Ggml.ai joins Hugging Face to ensure the long-term progress of Local AI(github.com)

348 pointsby lairv3 hours ago23 comments

mythz3 hours ago
I consider HuggingFace more "Open AI" than OpenAI - one of the few quiet heroes (along with Chinese OSS) helping bring on-premise AI to the masses.
I'm old enough to remember when traffic was expensive, so I've no idea how they've managed to offer free hosting for so many models. Hopefully it's backed by a sustainable business model, as the ecosystem would be meaningfully worse without them.
We still need good value hardware to run Kimi/GLM in-house, but at least we've got the weights and distribution sorted.
- data-ottawa2 hours ago
  Can we toss in the work unsloth does too as an unsung hero?
  They provide excellent documentation and they’re often very quick to get high quality quants up in major formats. They’re a very trustworthy brand.
  - disiplus2 hours ago
    Yeah, they're the good guys. I suspect the open source work is mostly advertisements for them to sell consulting and services to enterprises. Otherwise, the work they do doesn't make sense to offer for free.
  - cubie2 hours ago
    I'm a big fan of their work as well, good shout.
- Tepixan hour ago
  It's insane how much traffic HF must be pushing out of the door. I routinely download models that are hundreds of gigabytes in size from them. A fantastic service to the sovererign AI community.
- zozbot2342 hours ago
  > We still need good value hardware to run Kimi/GLM in-house
  If you stream weights in from SSD storage and freely use swap to extend your KV cache it will be really slow (multiple seconds per token!) but run on basically anything. And that's still really good for stuff that can be computed overnight, perhaps even by batching many requests simultaneously. It gets progressively better as you add more compute, of course.
  - HPsquared2 hours ago
    At a certain point the energy starts to cost more than renting some GPUs.
- sowbug2 hours ago
  Why doesn't HF support BitTorrent? I know about hf-torrent and hf_transfer, but those aren't nearly as accessible as a link in the web UI.

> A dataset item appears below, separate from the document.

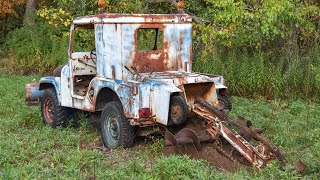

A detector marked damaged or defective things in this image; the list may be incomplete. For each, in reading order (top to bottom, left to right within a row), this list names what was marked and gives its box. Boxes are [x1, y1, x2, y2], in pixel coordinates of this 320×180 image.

rusty truck [25, 0, 292, 169]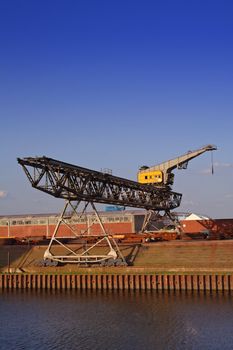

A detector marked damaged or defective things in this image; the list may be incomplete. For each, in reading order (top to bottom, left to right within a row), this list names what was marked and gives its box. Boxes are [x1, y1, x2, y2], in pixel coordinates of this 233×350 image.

rusted steel sheet piling [0, 274, 233, 292]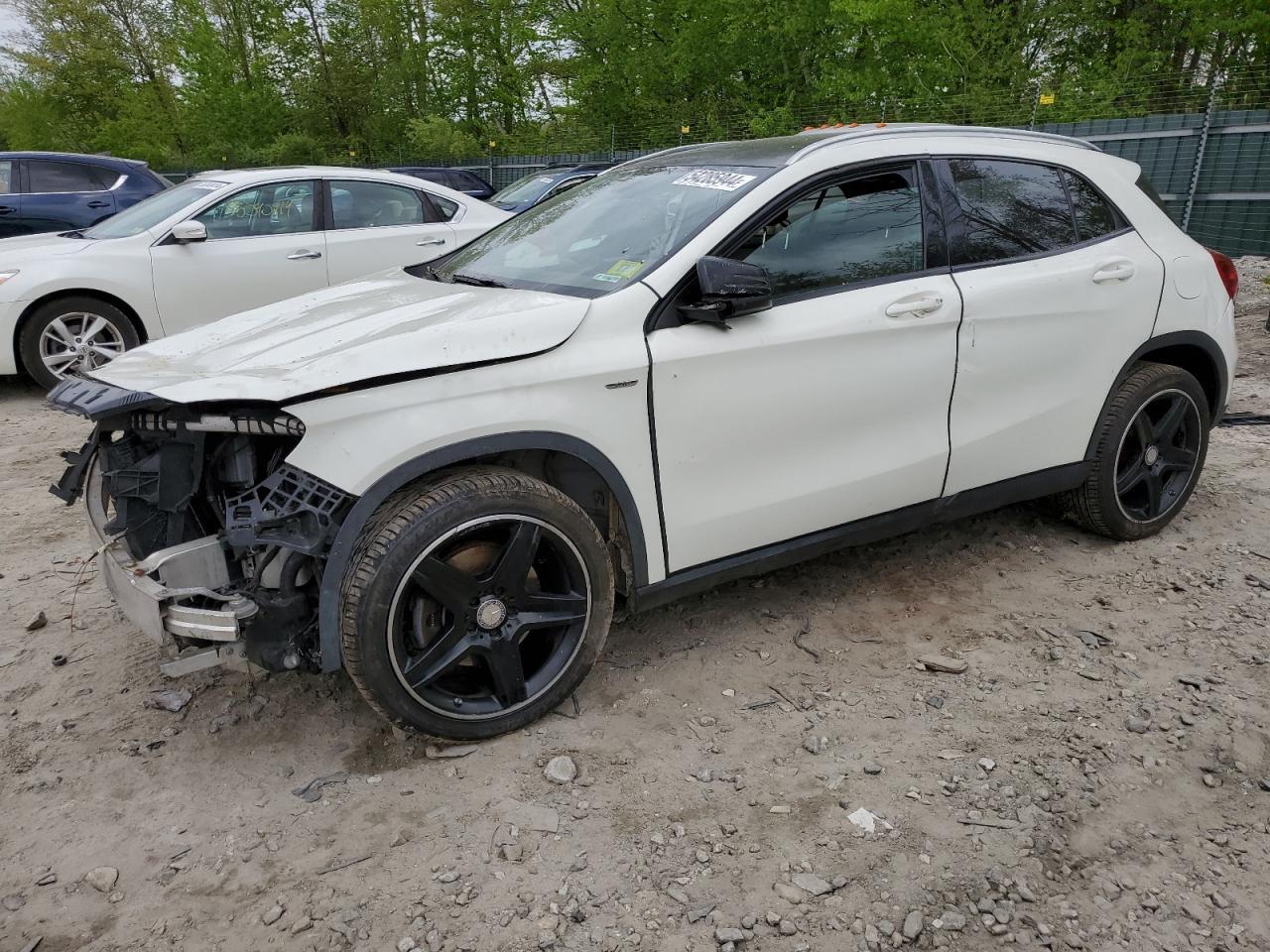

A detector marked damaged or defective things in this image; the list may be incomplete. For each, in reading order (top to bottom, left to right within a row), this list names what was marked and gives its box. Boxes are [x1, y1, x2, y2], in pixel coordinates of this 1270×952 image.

  - embedding-shapean hour ago
    > Why doesn't HF support BitTorrent?
    Harder to track downloads then. Only when clients hit the tracker would they be able to get download states, and forget about private repositories or the "gated" ones that Meta/Facebook does for their "open" models.
    Still, if vanity metrics wasn't so important, it'd be a great option. I've even thought of creating my own torrent mirror of HF to provide as a public service, as eventually access to models will be restricted, and it would be nice to be prepared for that moment a bit better.
    sowbugan hour ago
    I thought of the tracking and gate questions, too, when I vibed up an HF torrent service a few nights ago. (Super annoying BTW to have to download the files just to hash the parts, especially when webseeds exist.) Model owners could disable or gate torrents the same way they gate the models, and HF could still measure traffic by .torrent downloads and magnet clicks.
    It's a bit like any legalization question -- the black market exists anyway, so a regulatory framework could bring at least some of it into the sunlight.
    embedding-shapean hour ago
    > Model owners could disable or gate torrents the same way they gate the models, and HF could still measure traffic by .torrent downloads and magnet clicks.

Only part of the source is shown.